## Exercise
For the data that follows, return each line unchanged and drop the pictures.

## Raw data
+--

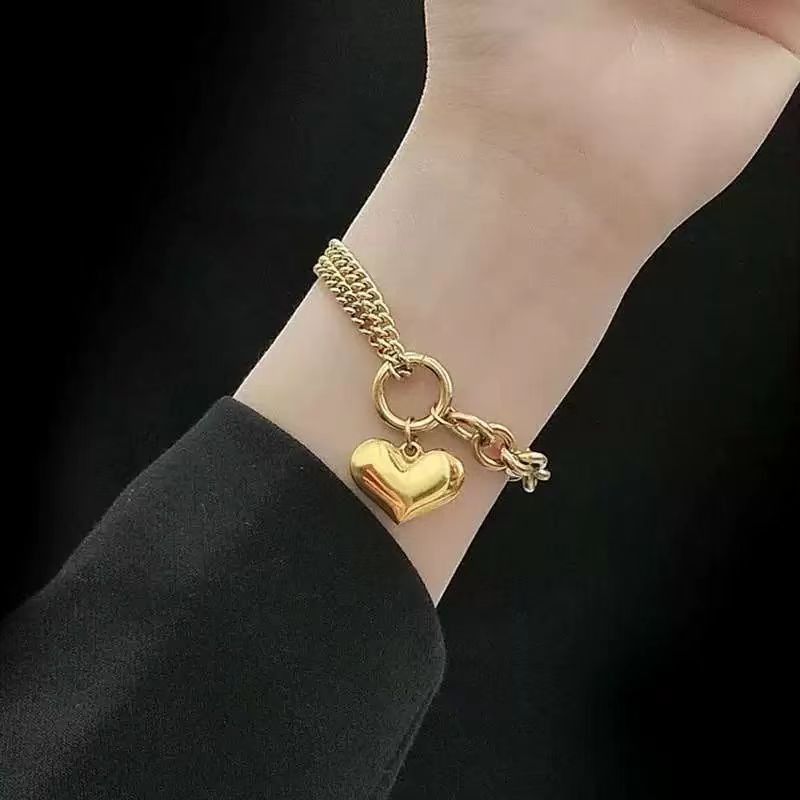Bracciale con ciondolo a forma di cuore, stile coreano, hip-hop, alla moda, semplice, in metallo, con catena spessa, per donna_voghion.com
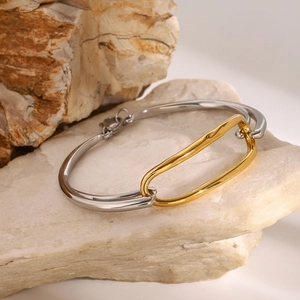 Minimalist 18k gold and silver two-tone geometric stainless steel cuff bracelet
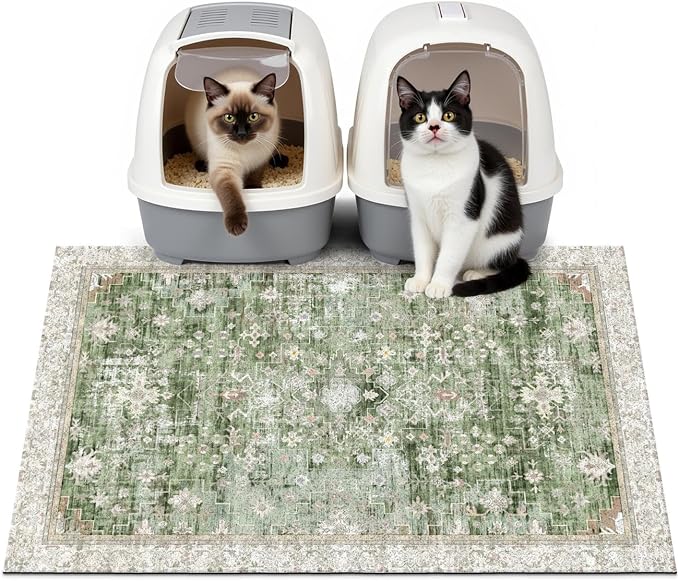 Cat Litter Mat Litter Trapping Mat, 33"x22" Waterproof Urine Proof Litter Box Mat Catcher Mat Non-Slip Washable for Kitty Kitten, Green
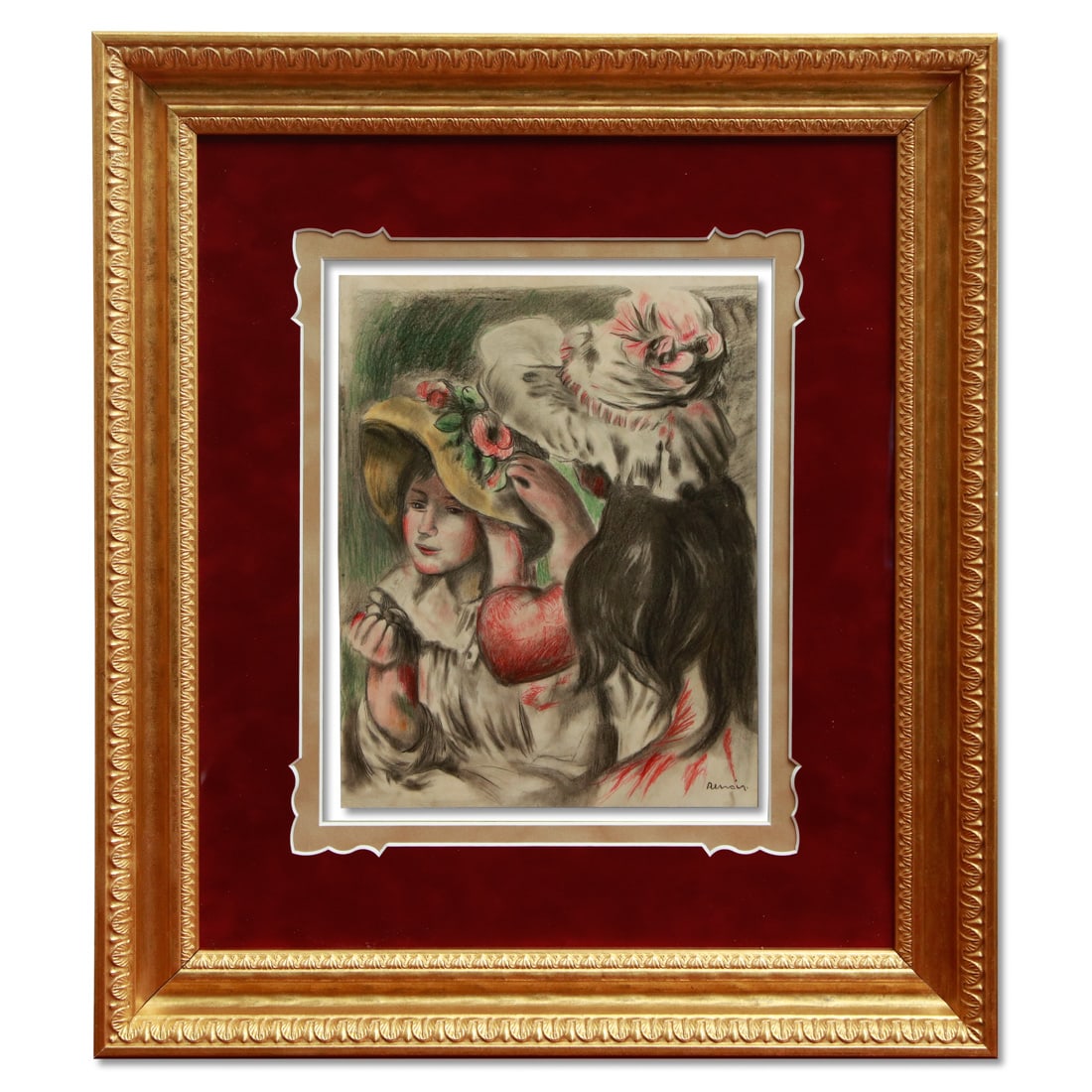 Pierre-Auguste Renoir Drawing of a Woman Pinning a Flower to a Hat: Pierre-Auguste Renoir Drawing of a Woman Pinning a Flower to a Hat. Dimensions: 11.75 x 9.25 inches (unframed), 22 x 19.5 framed. Medium: Color and charcoal shading on paper. Signature: Signed "Renoir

+--

## Response below
Bracciale con ciondolo a forma di cuore, stile coreano, hip-hop, alla moda, semplice, in metallo, con catena spessa, per donna_voghion.com
 Minimalist 18k gold and silver two-tone geometric stainless steel cuff bracelet
 Cat Litter Mat Litter Trapping Mat, 33"x22" Waterproof Urine Proof Litter Box Mat Catcher Mat Non-Slip Washable for Kitty Kitten, Green
 Pierre-Auguste Renoir Drawing of a Woman Pinning a Flower to a Hat: Pierre-Auguste Renoir Drawing of a Woman Pinning a Flower to a Hat. Dimensions: 11.75 x 9.25 inches (unframed), 22 x 19.5 framed. Medium: Color and charcoal shading on paper. Signature: Signed "Renoir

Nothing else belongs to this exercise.